[Try it]
What must be written out is each line from the one holding "Colorful birthday balloon" through the end of the records, word for word, minus any pictures.

(Entries taken from a collection)
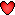 un petit coeur rouge
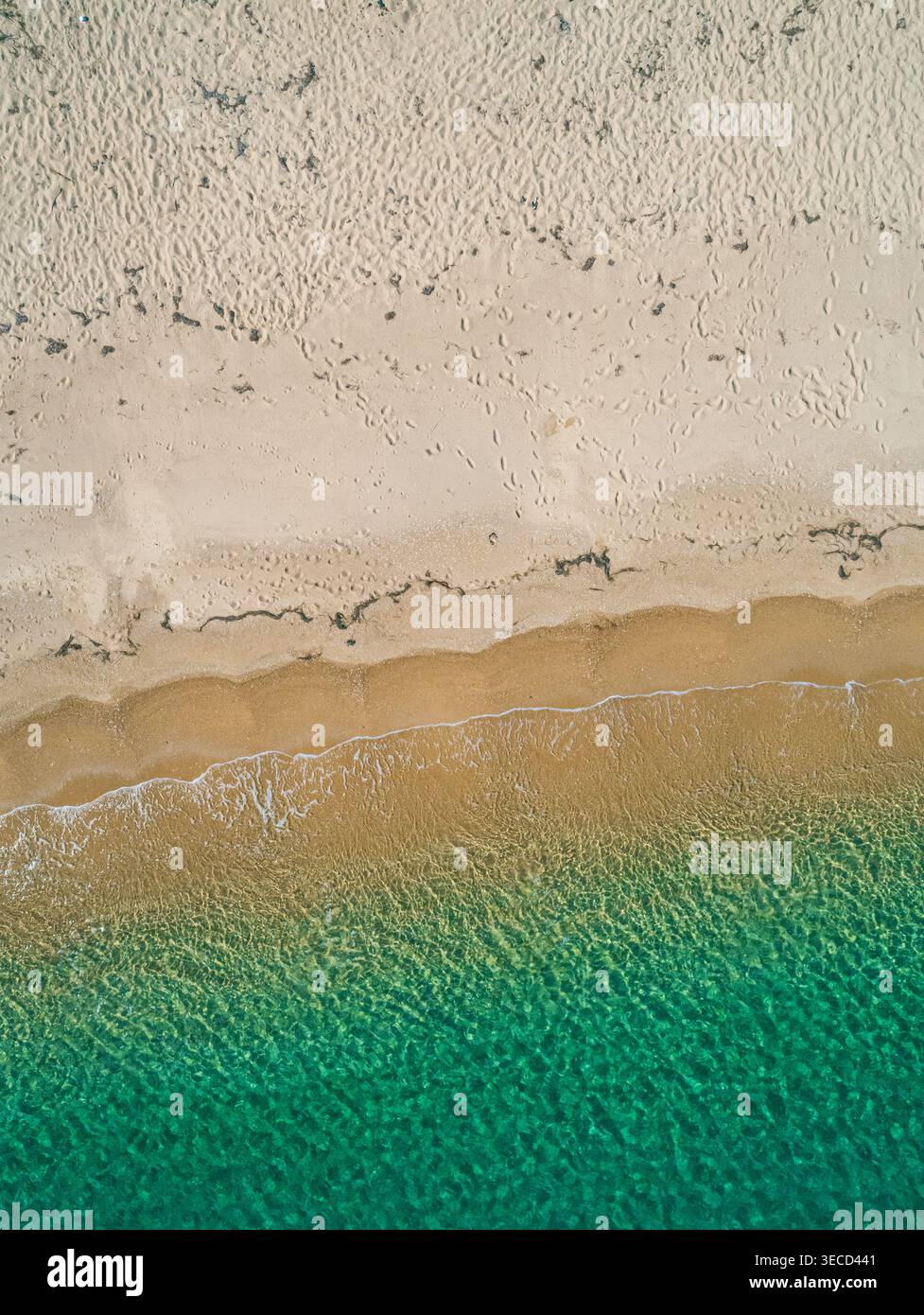 Meereswellen treffen sanft auf sanfte Sandstrände mit klarem türkisfarbenem Wasser und goldenem Strand von oben Stockfoto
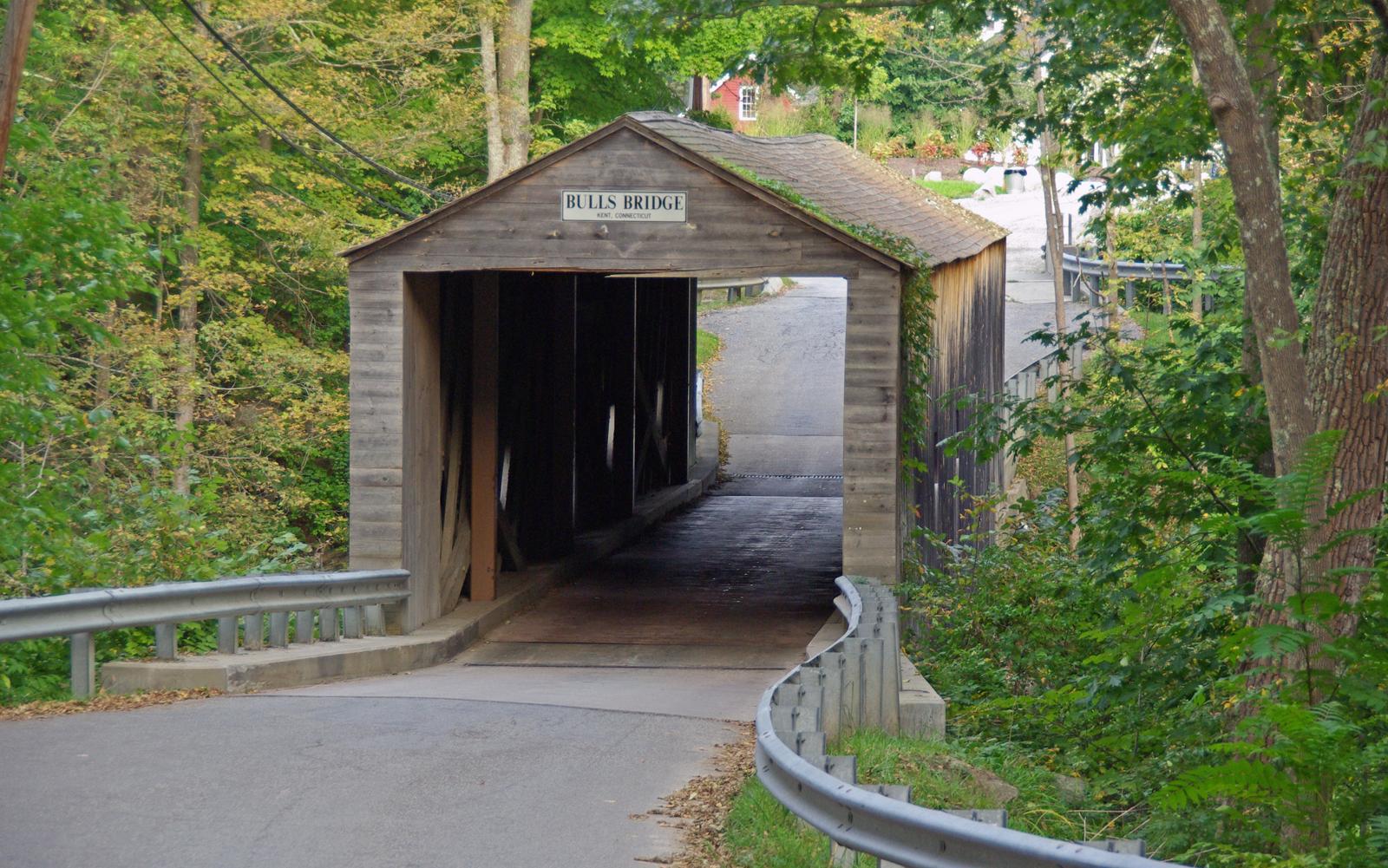 Rustic wooden covered bridge over a road, surrounded by green trees.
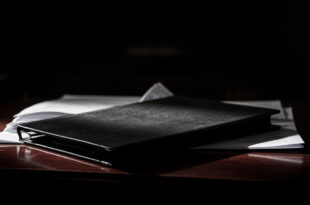 Closed psychiatric evaluation folder with official seals on wooden courtroom bench in secure institutional setting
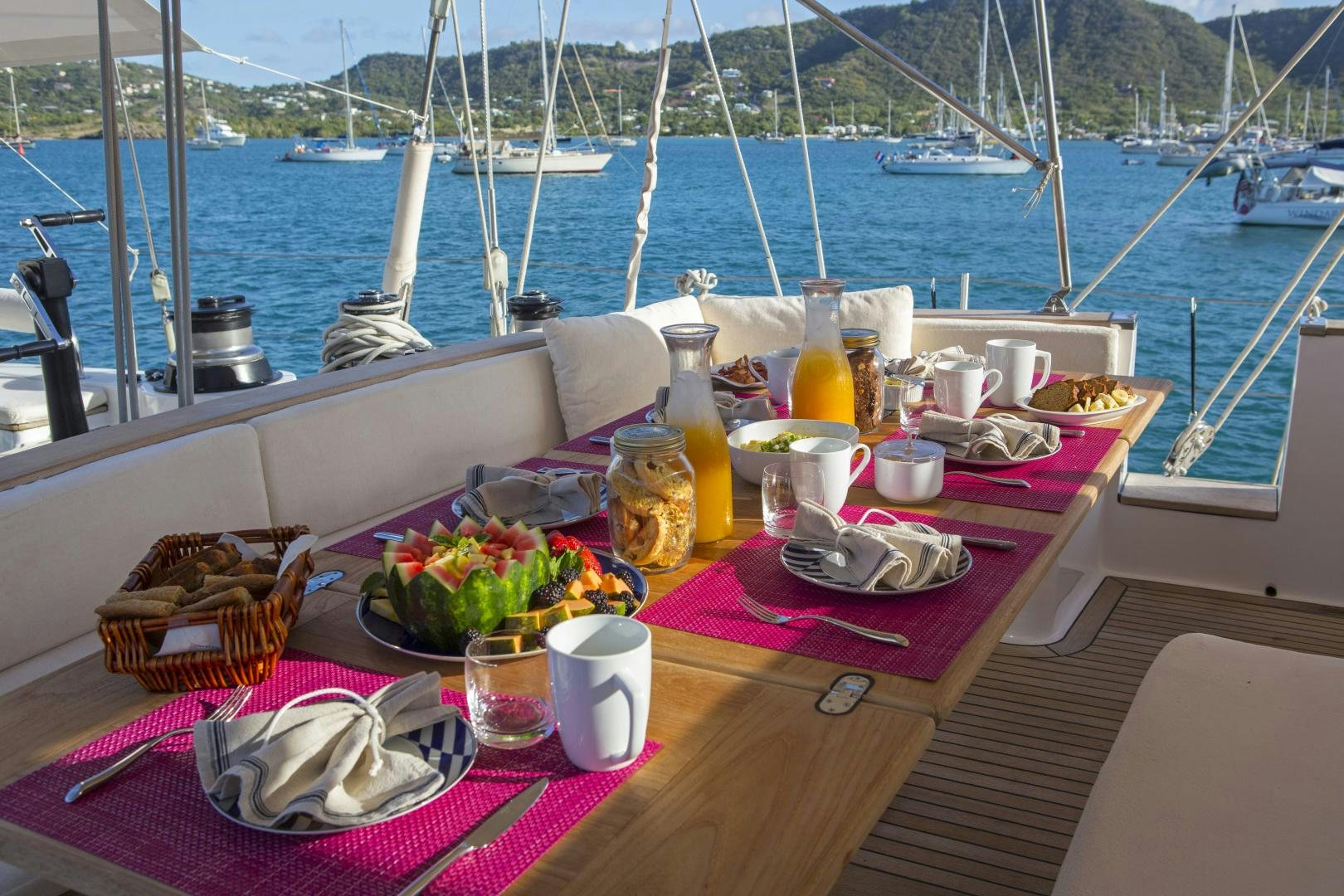 a table with food and drinks on it aboard JUPITER Yacht for Sale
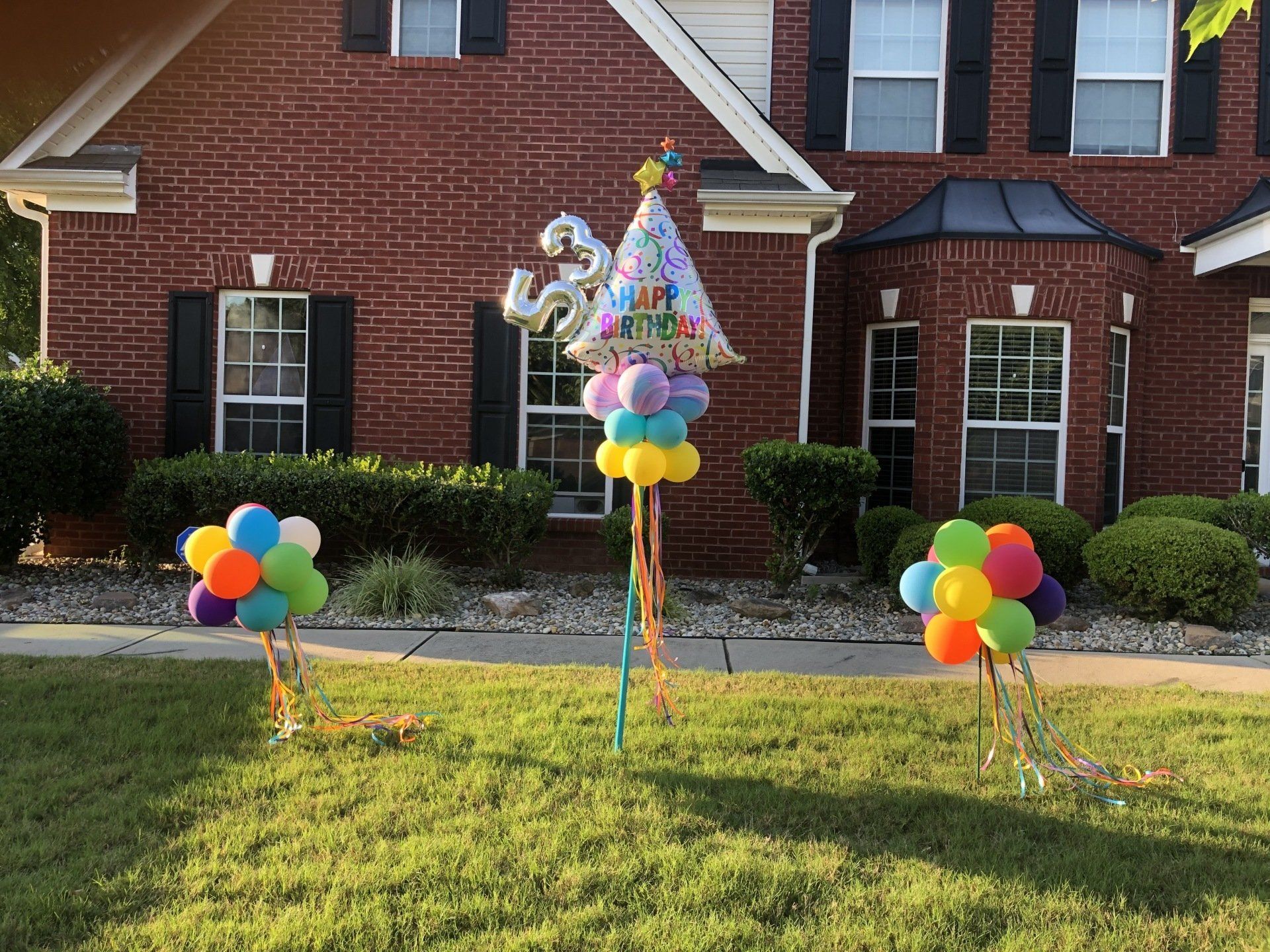Colorful birthday balloon yard sign and clusters placed in front of brick home for outdoor party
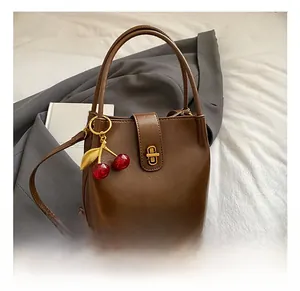 Détail du sac seau marron rétro montrant le cuir brillant et le charm cerise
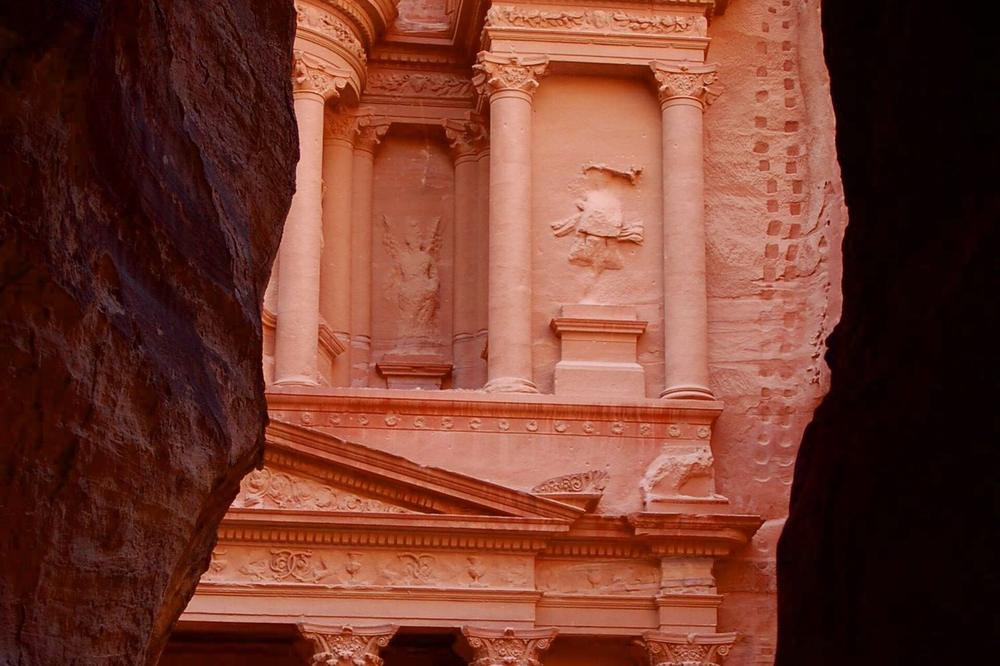 The Treasury facade seen through the narrow opening at the end of the Siq The Treasury facade seen through the narrow opening at the end of the Siq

[Written response]
Colorful birthday balloon yard sign and clusters placed in front of brick home for outdoor party
 Détail du sac seau marron rétro montrant le cuir brillant et le charm cerise
 The Treasury facade seen through the narrow opening at the end of the Siq The Treasury facade seen through the narrow opening at the end of the Siq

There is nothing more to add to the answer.